:: TASK INPUT

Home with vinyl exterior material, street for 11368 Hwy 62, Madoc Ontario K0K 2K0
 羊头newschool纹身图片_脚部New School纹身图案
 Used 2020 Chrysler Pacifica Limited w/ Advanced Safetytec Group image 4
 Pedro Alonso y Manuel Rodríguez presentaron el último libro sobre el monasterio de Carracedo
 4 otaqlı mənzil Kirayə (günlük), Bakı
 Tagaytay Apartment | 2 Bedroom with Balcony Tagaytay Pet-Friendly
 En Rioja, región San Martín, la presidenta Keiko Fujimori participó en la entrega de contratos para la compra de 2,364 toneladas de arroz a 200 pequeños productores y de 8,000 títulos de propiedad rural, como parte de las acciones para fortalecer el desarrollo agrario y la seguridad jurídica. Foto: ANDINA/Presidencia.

::::

Quote only the lines from the one containing "羊头newschool纹身图片_脚部New School纹身图案" through the final line of the records, with both ends included.

> **TASK ANSWER**:
 羊头newschool纹身图片_脚部New School纹身图案
 Used 2020 Chrysler Pacifica Limited w/ Advanced Safetytec Group image 4
 Pedro Alonso y Manuel Rodríguez presentaron el último libro sobre el monasterio de Carracedo
 4 otaqlı mənzil Kirayə (günlük), Bakı
 Tagaytay Apartment | 2 Bedroom with Balcony Tagaytay Pet-Friendly
 En Rioja, región San Martín, la presidenta Keiko Fujimori participó en la entrega de contratos para la compra de 2,364 toneladas de arroz a 200 pequeños productores y de 8,000 títulos de propiedad rural, como parte de las acciones para fortalecer el desarrollo agrario y la seguridad jurídica. Foto: ANDINA/Presidencia.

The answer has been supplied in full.